Os alvos da determinação do ministro no despacho desta terça-feira também estão na mira do PL, a elencar:
condutas que incentivam atos antidemocráticos;
divulgação ou compartilhamento de mentiras ou fatos gravemente descontextualizados que atinjam a integridade do processo eleitoral;
grave ameaça, direta e imediata, de violência ou incitação à violência contra a integridade física de funcionários públicos ou contra a infraestrutura física do Estado;
comportamento ou discurso de ódio, inclusive promoção de racismo, homofobia, ideologias nazistas, fascistas ou odiosas contra uma pessoa ou grupo;
atos de terrorismo e preparatórios de terrorismo;
crimes contra crianças e adolescentes e
violência contra a mulher.
Ajor defende PL
O PL 22630 também estabelece que as plataformas apresentem e mantenham normas transparentes para distribuição de conteúdos, ficando claros critérios adotados para seus algoritmos. Propõe que plataformas sejam responsabilizadas por propagação de notícias falsas e desinformação, bem como atribui a tais empresas o dever de ações de prevenção contra conteúdos de caráter nazista, fascista, racista e contra o estado democrático de direito. Outra proposta no PL é a remuneração pela veiculação de conteúdo jornalístico, como já é realizado em outros países.
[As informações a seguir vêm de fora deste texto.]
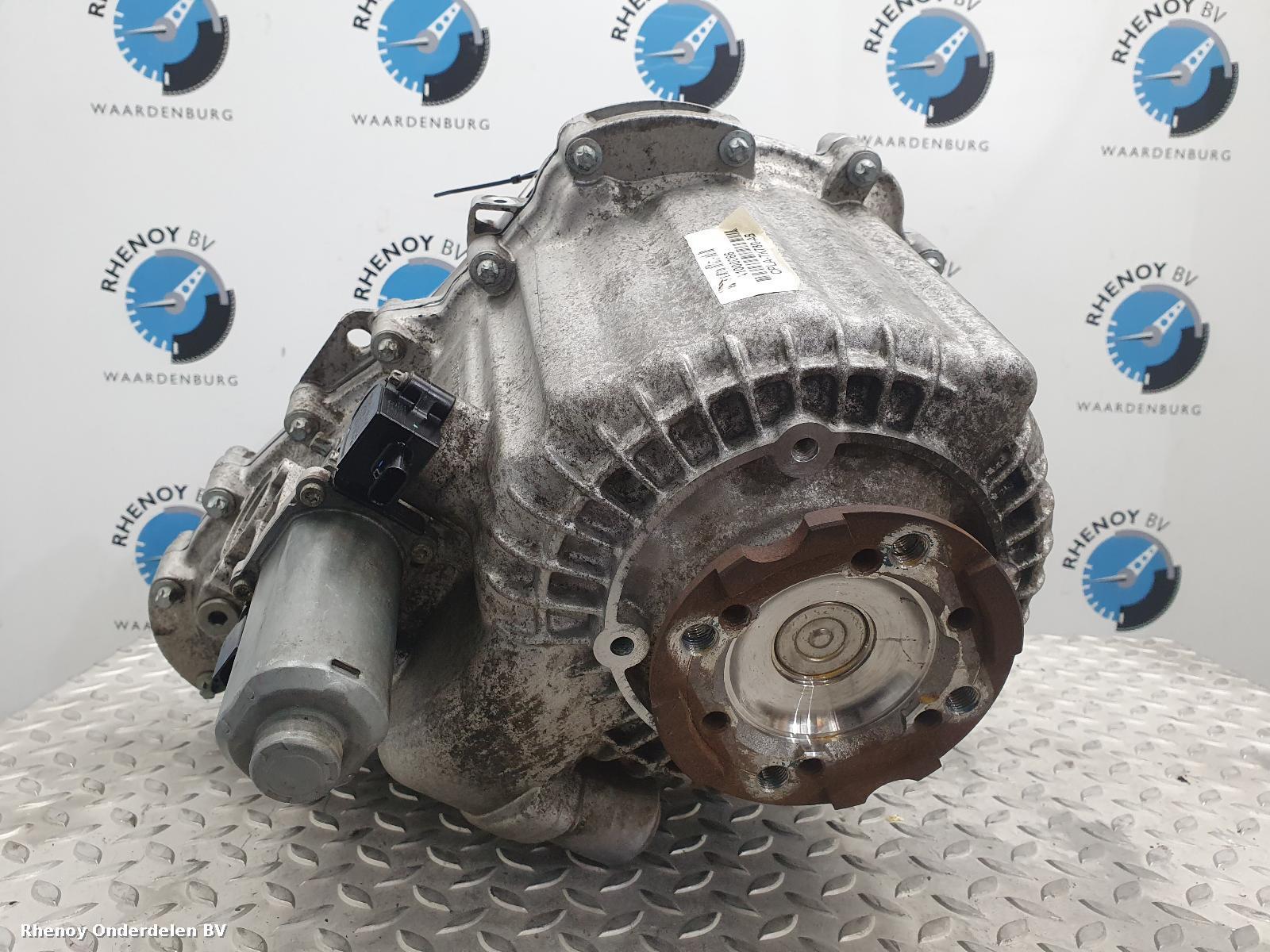 View Auto part TUSSENBAK LAND ROVER RANGE ROVER 2013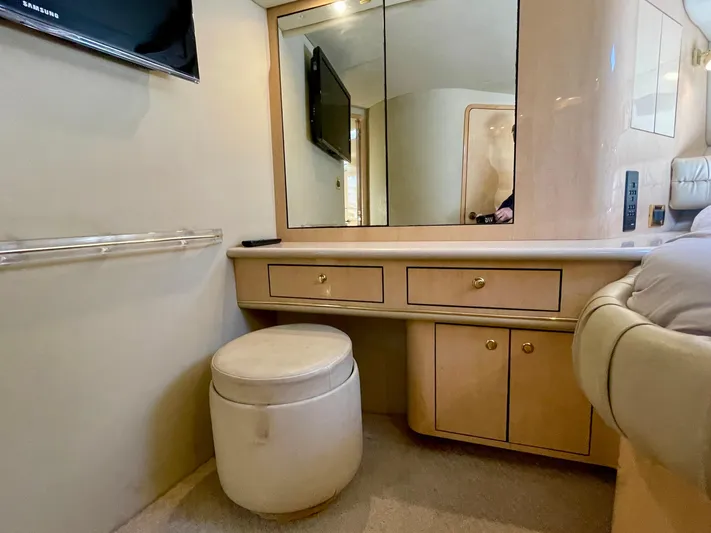 No Doubts IV Yacht Photos Pics Interior of 1999 Sea Ray 500 Sundancer yacht with vanity and seating area.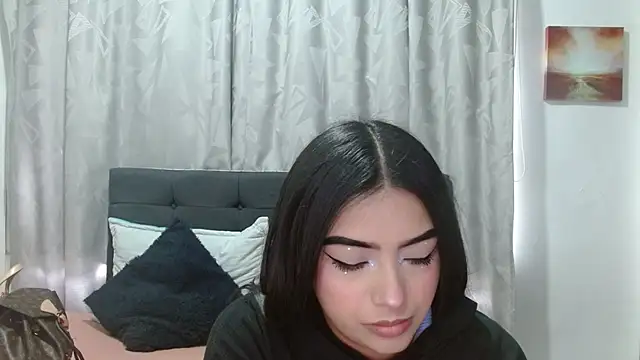 Snapshot of eva_six chatting on October 13, 6:52 pm eva six online show from October 13, 6:52 pm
Associações de veículos de jornalismo, como A Ajor, da qual a Agência Nossa faz parte, apoiam o PL. — “diante dos efeitos dramáticos da desinformação e do discurso de ódio”.
Os veículos defendem a valorização do jornalismo como antídoto a essa epidemia social. “O jornalismo de interesse público é a principal arma da sociedade para combater a desinformação e um importante instrumento para o exercício do direito de acesso à informação”, diz a Ajor.
A votação de urgência do governo para atribuir às big techs a responsabilidade pelo combate à desinformação fracassou diante de munição pesada de grandes empresas de tecnologia. O Google, que manteve em sua página um link para textos atacando o projeto.
“Num país com o mínimo de seriedade, Google, Instagram, TikTok, todos os meios tinham que ser responsabilizados. Como você tem num site de pesquisa um tratamento desonroso com essa Casa?”, disse o presidente da casa Arthur Lira, enquanto Morais determinou que as plataformas expliquem os métodos, algorítimos de impulsionamento e “induzimento à busca sobre “PL da Censura”.
“Conduta de big techs guarda conexão total com inquérto de fake news”
No despacho que ordena a retirada dos conteúdos contra o PL pelas plataformas, Moraes afirma que a conduta de algumas grandes empresas de tecnologia “guardam total conexão” com o inquérito das fake news.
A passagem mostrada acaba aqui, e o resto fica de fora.